++++ Data in this exercise

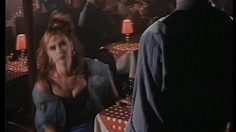 poster-1636-spontex-spidex-la-valse-musette-236x132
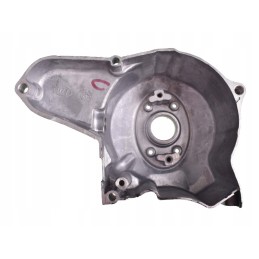 Igniter cover 4t fmb 110 2 coils oval black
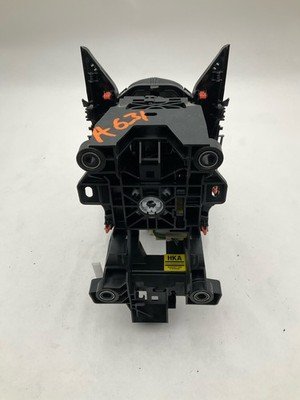 2020-2022 TOYOTA COROLLA Floor Shifter with Know and Trim 42k Miles OEM - Image 5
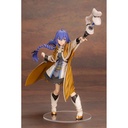 (PO) Mushoku Tensei: Jobless Reincarnation - Roxy Migurdia (3rd reissue) Image_14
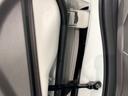 G・ホンダセンシング 禁煙 1年保証 1オ-ナ- 車検整備付 ナビVXM-204VFi ドラレコ TV CD録音 BTオ-ディオ DVD ETC 両側PSD オートライト VSA クルコン スマキー 整備記録簿 保証書(42枚目)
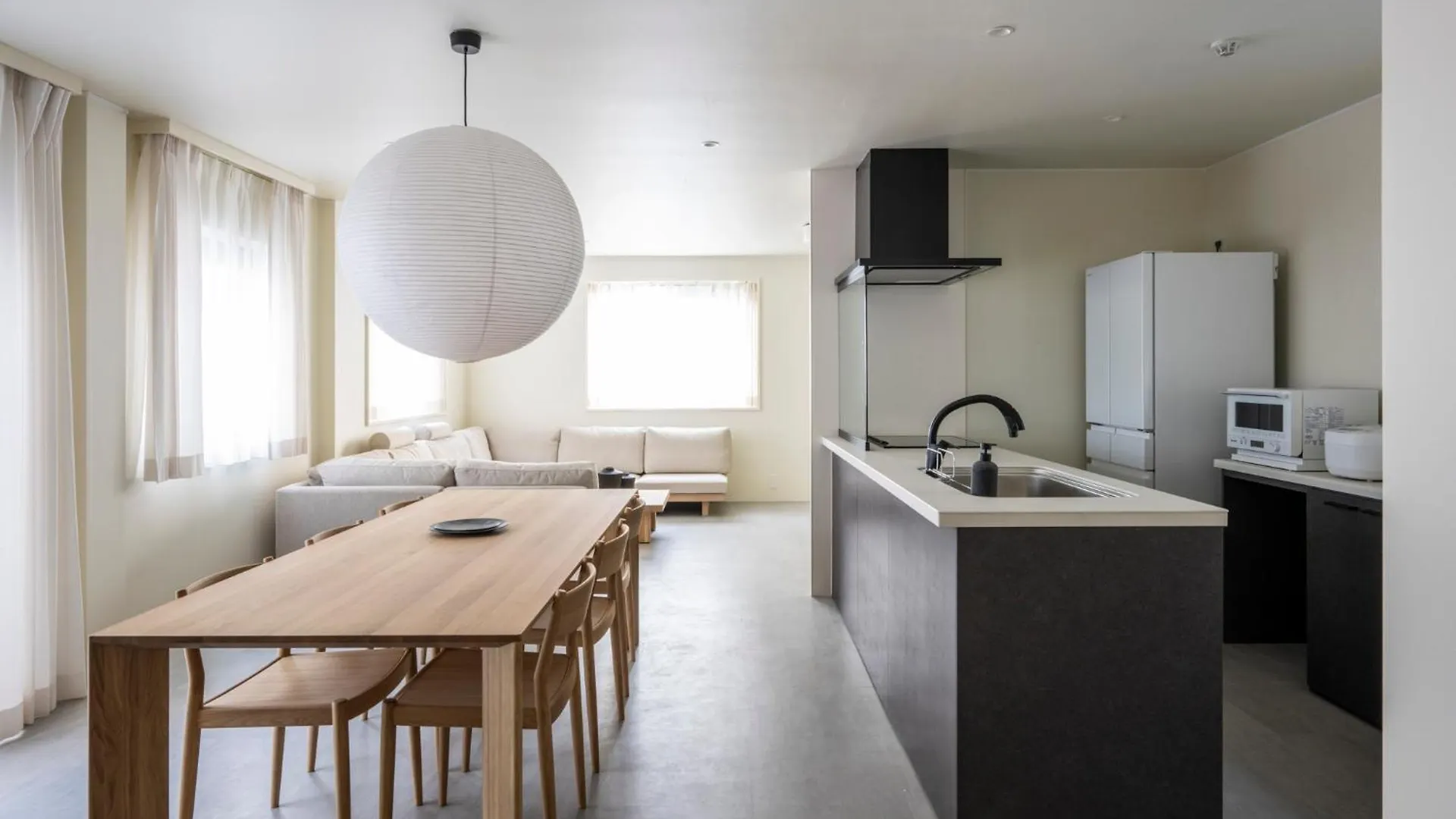 Apartmán Give Kagurazaka Prefektura Tokio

++++++++

# Task requirements
Copy every entry exactly; drop the pictures.

# Written answer
 poster-1636-spontex-spidex-la-valse-musette-236x132
 Igniter cover 4t fmb 110 2 coils oval black
 2020-2022 TOYOTA COROLLA Floor Shifter with Know and Trim 42k Miles OEM - Image 5
 (PO) Mushoku Tensei: Jobless Reincarnation - Roxy Migurdia (3rd reissue) Image_14
 G・ホンダセンシング 禁煙 1年保証 1オ-ナ- 車検整備付 ナビVXM-204VFi ドラレコ TV CD録音 BTオ-ディオ DVD ETC 両側PSD オートライト VSA クルコン スマキー 整備記録簿 保証書(42枚目)
 Apartmán Give Kagurazaka Prefektura Tokio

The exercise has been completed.